ASSIGNMENT
For this exercise, copy exactly every line from the one holding "Złoty pierścionek w kształcie serca 333" through the end of the data, both included. Omit pictures.

AVAILABLE DATA
Content starts
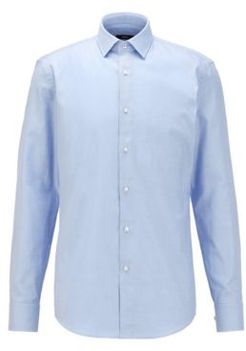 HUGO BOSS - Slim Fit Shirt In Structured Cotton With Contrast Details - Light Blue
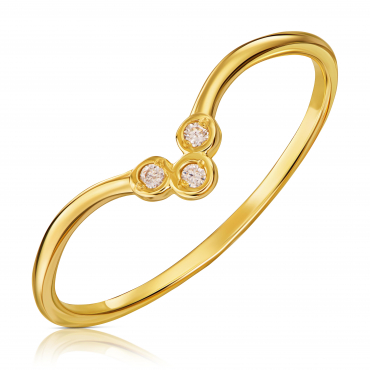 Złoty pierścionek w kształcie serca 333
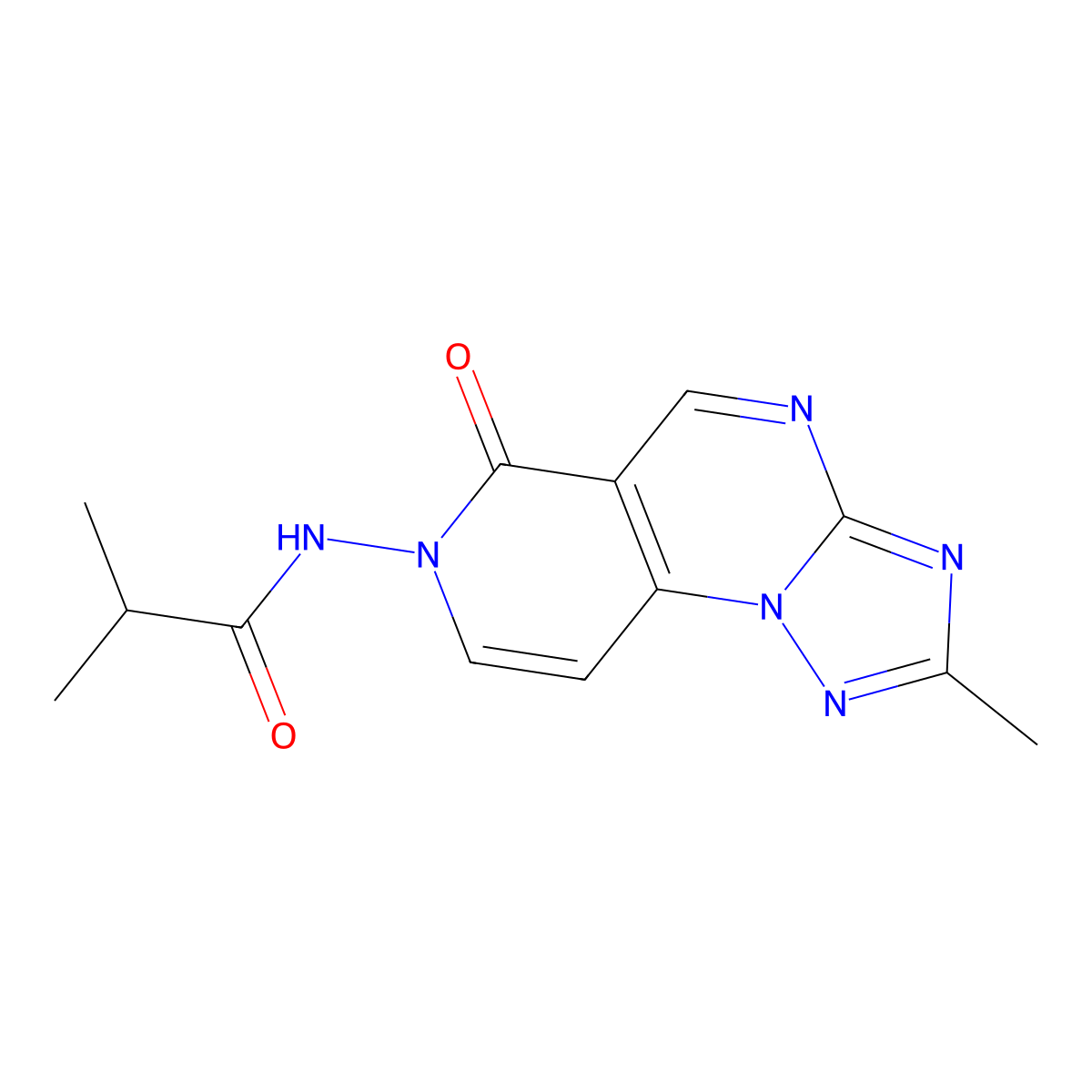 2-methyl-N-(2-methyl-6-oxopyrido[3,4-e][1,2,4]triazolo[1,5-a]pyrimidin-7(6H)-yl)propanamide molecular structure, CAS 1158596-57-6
Content ends
SOLUTION TO THIS TASK
 Złoty pierścionek w kształcie serca 333
 2-methyl-N-(2-methyl-6-oxopyrido[3,4-e][1,2,4]triazolo[1,5-a]pyrimidin-7(6H)-yl)propanamide molecular structure, CAS 1158596-57-6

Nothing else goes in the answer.